# I suppose  use of a fowling blunt would be cheating...



## Big Don (Jul 1, 2014)

Just, you know, more realistic...


----------



## crushing (Jul 2, 2014)

I take it this is like paintball and it's people v. people.   I wonder how getting hit with one of those arrows feels compared to getting hit with a paintball?


----------



## donnaTKD (Jul 2, 2014)

prolly hurts a bit less but the bruises would be bigger cos the tips on the arrows are way bigger than a paintball


----------



## tshadowchaser (Jul 2, 2014)

I only see one arrow for each player dose that mean you win or lose with one shot


----------



## donnaTKD (Jul 2, 2014)

don't know - they're not carrying a quiver though so must be


----------



## Xue Sheng (Jul 2, 2014)

crushing said:


> I take it this is like paintball and it's people v. people.   I wonder how getting hit with one of those arrows feels compared to getting hit with a paintball?



It would depend on the draw strength of the bow


----------



## crushing (Jul 2, 2014)

Xue Sheng said:


> It would depend on the draw strength of the bow



Yes, like paintball and for safety, they probably have rules that put an upper limit on the speed.  Maybe 250 - 300 fps?


----------



## Xue Sheng (Jul 2, 2014)

crushing said:


> Yes, like paintball and for safety, they probably have rules that put an upper limit on the speed.  Maybe 250 - 300 fps?
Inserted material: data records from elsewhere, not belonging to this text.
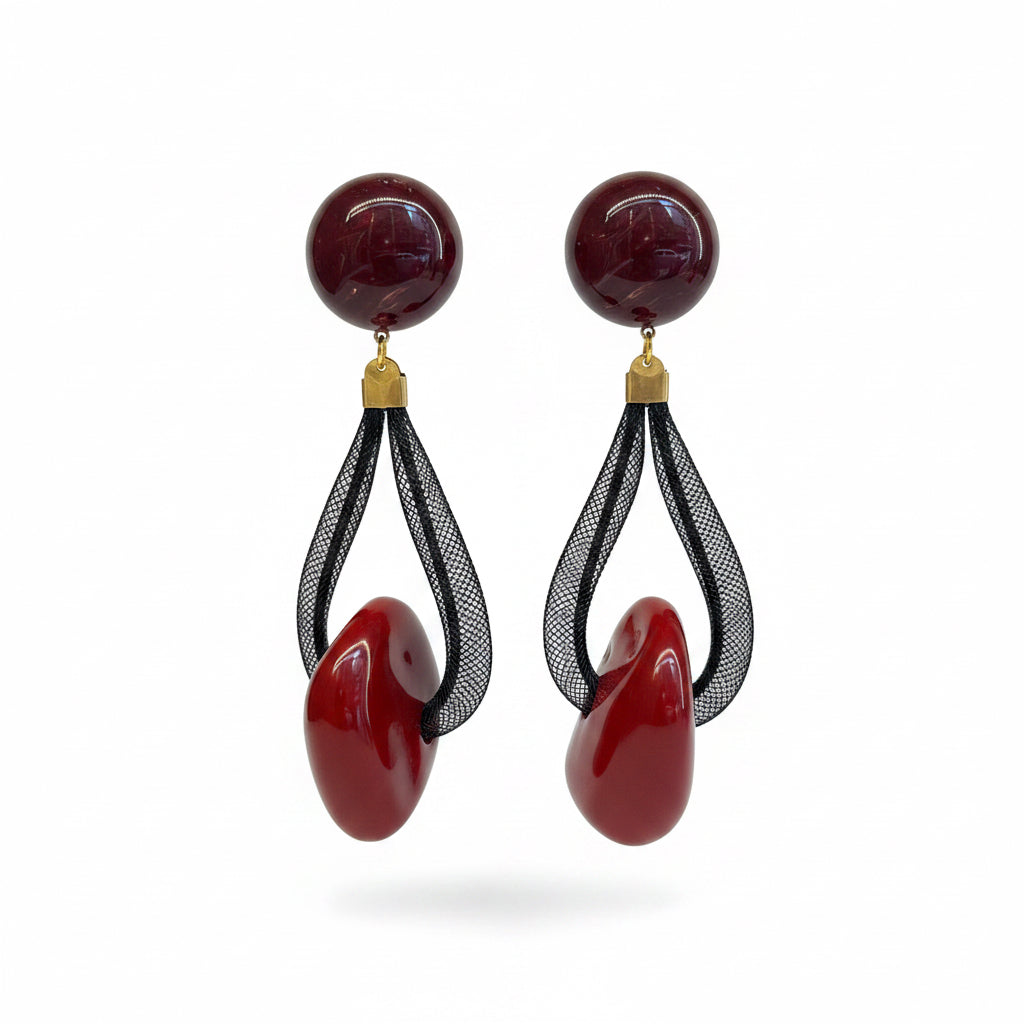 Aros bordo  y negro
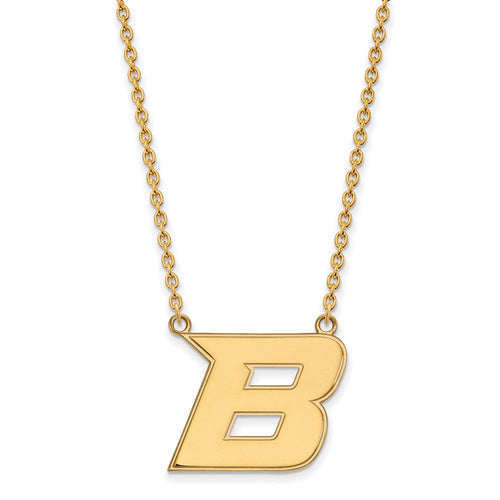 10k Gold LogoArt Boise State University Letter B Large Pendant 18 inch Necklace
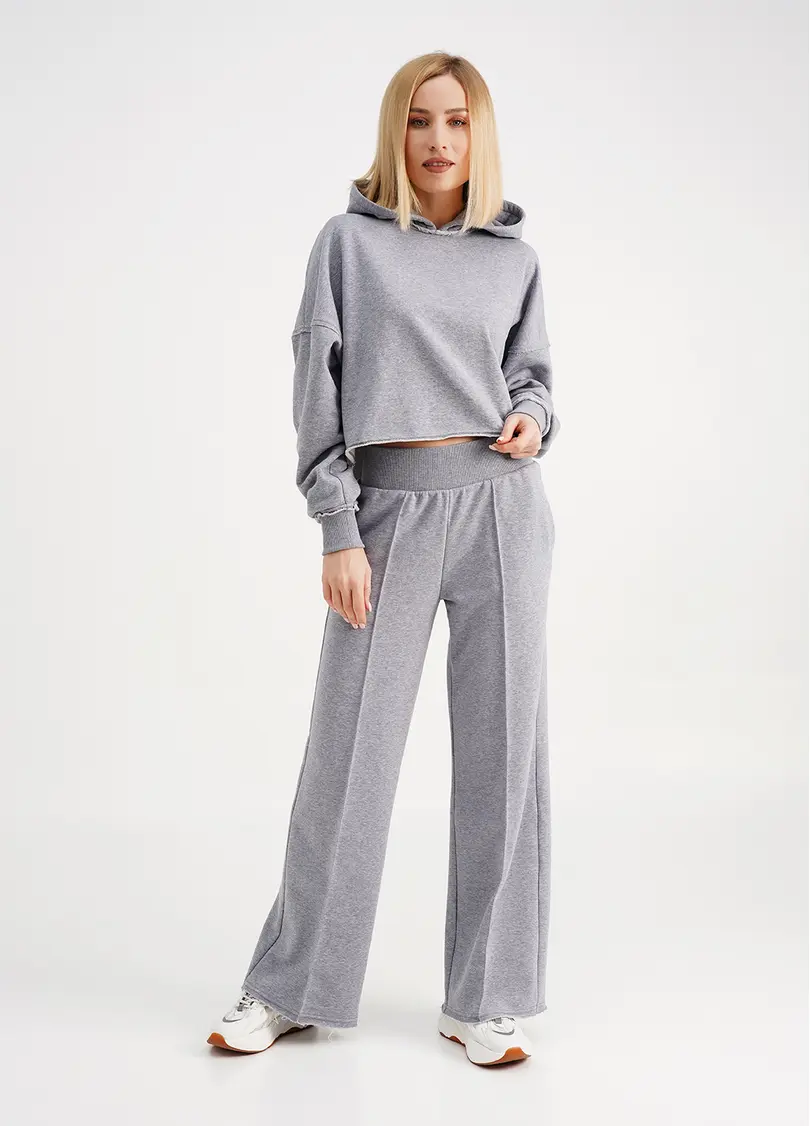 Широкі штани з необробленим краєм STREET STYLE 4326/160 grey melange (сірий)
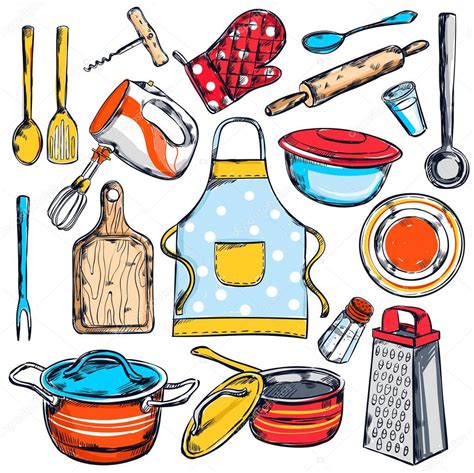 Home Cooking Elements Set Stock Vector Image By Mogil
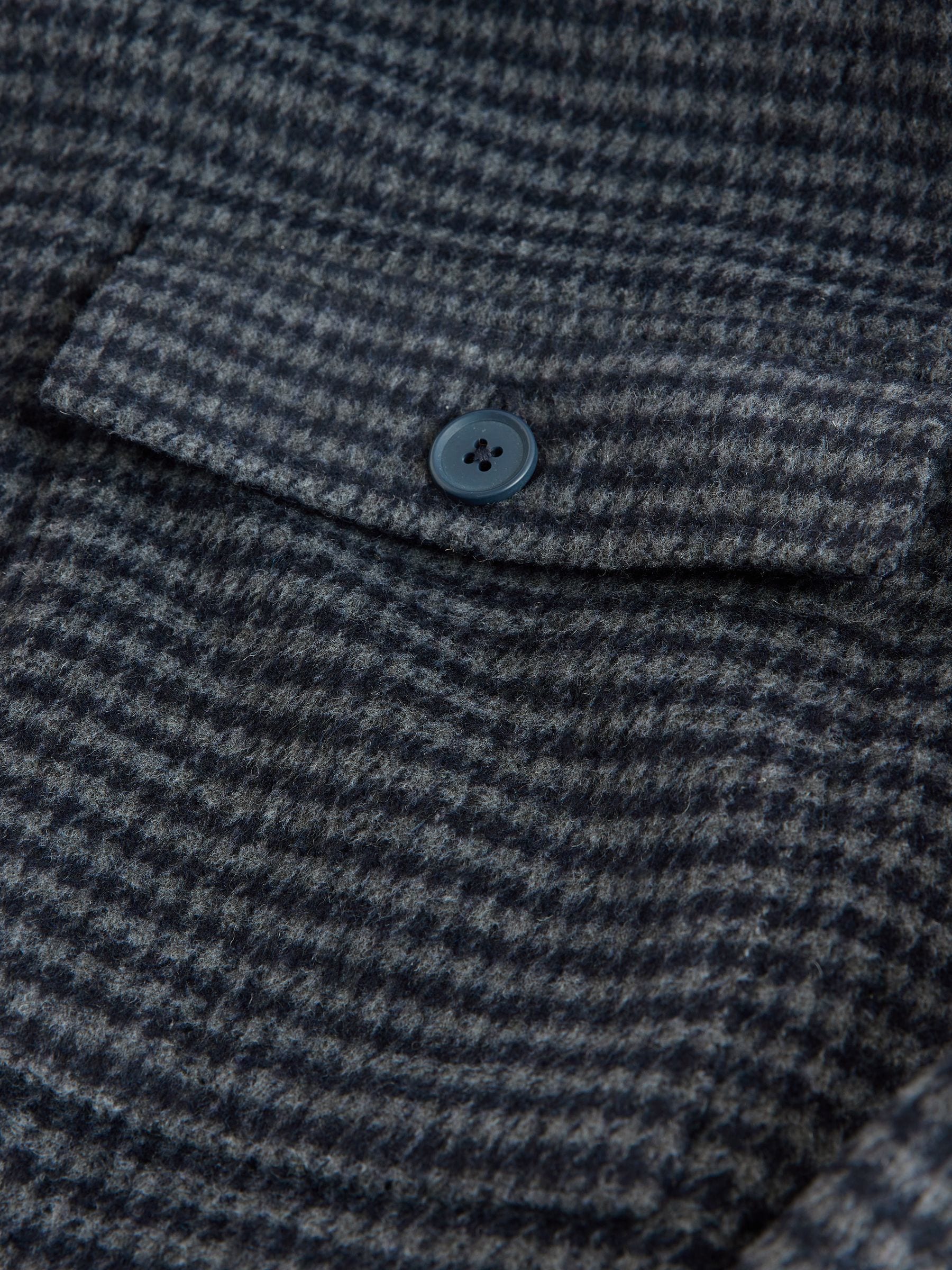Blauw - Borg gevoerd ruit overshirt met capuchon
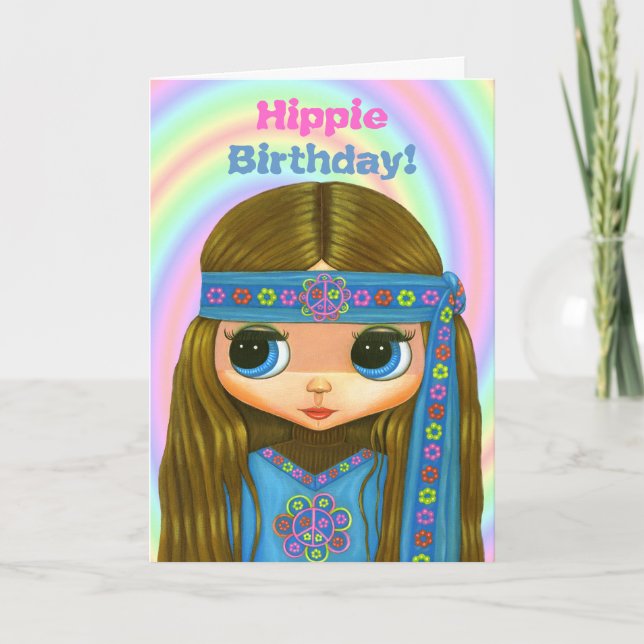Hippie Birthday! Cute Blue Hippie Girl Doll Card (Front)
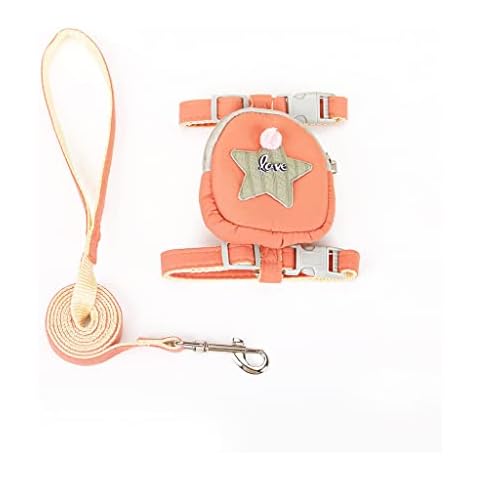 SEOUGEE Dog Rope Carrier Backpack, Cute Pet Small Snack Storage With Lead Leash, Puppy Training Walking Bag With Self Mini Poop Bag M Size, Pink Cover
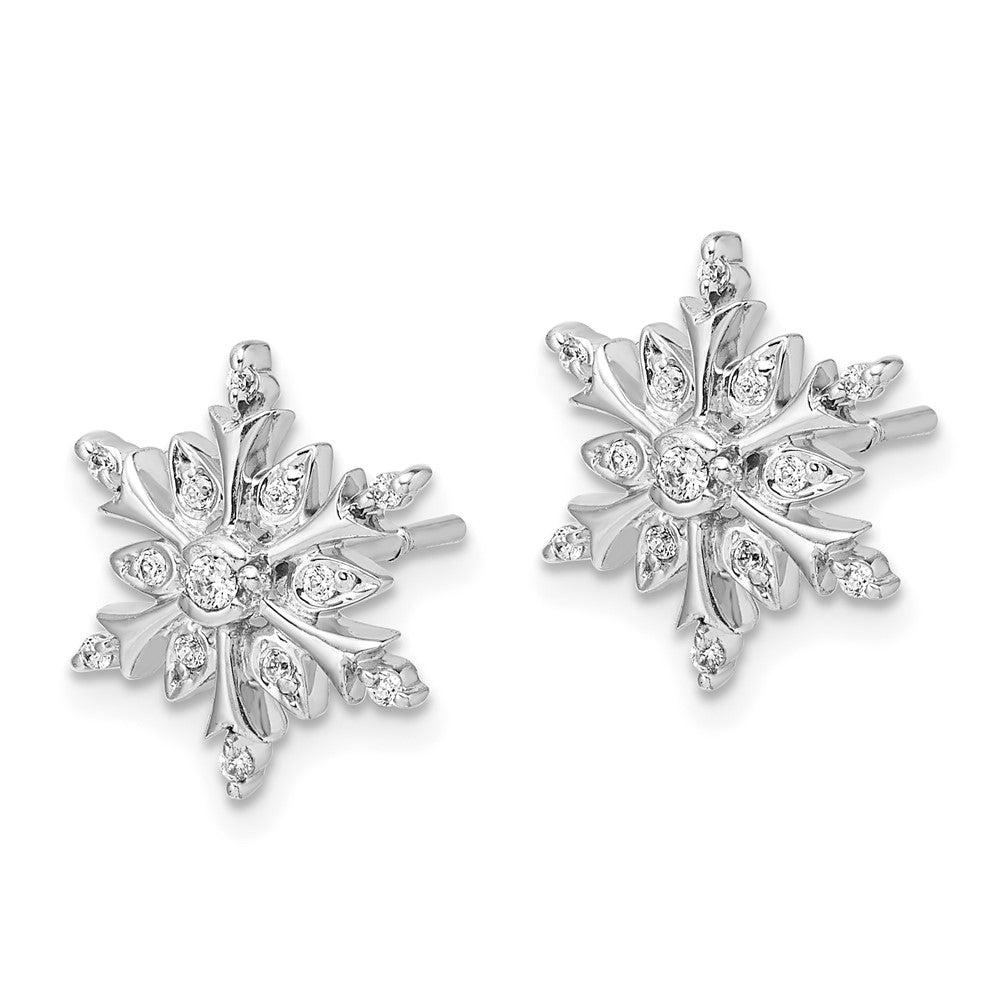 Solid 14k White Gold Simulated CZ SnowflaKe Earrings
They're recurve bows but I doubt they are the 40lbs draw type, even with the blunt that could do a heck of a lot of damage as the shaft went through the blunt end into the target. Likely they are no more than 15lb draw. probably 10...or possibly they are completely insane and going 20 or higher


----------



## Tgace (Jul 2, 2014)

tshadowchaser said:


> I only see one arrow for each player dose that mean you win or lose with one shot



I wonder if you can pick up misses shot at you?


----------



## Xue Sheng (Jul 2, 2014)

Just looked this up "Archery Tag" and it appears they allow up to 40lbs but they recommend 30 to 35 lbs...:hmm: and no throat protection in site....I'm thinking this more of a study in whether or not Darwin was right.

But these are the official arrows, and the tip looks like it is not at all aerodynamic and it may be soft enough so I could be wrong


----------



## Xue Sheng (Jul 2, 2014)

> I suppose  use of a fowling blunt would be cheating...



I'm thinking using any other blunt would be a real bad thing so fowling blunt would likely get you a red card 

My first thought however was a small game blunt....also would likely get you kicked out of the game


----------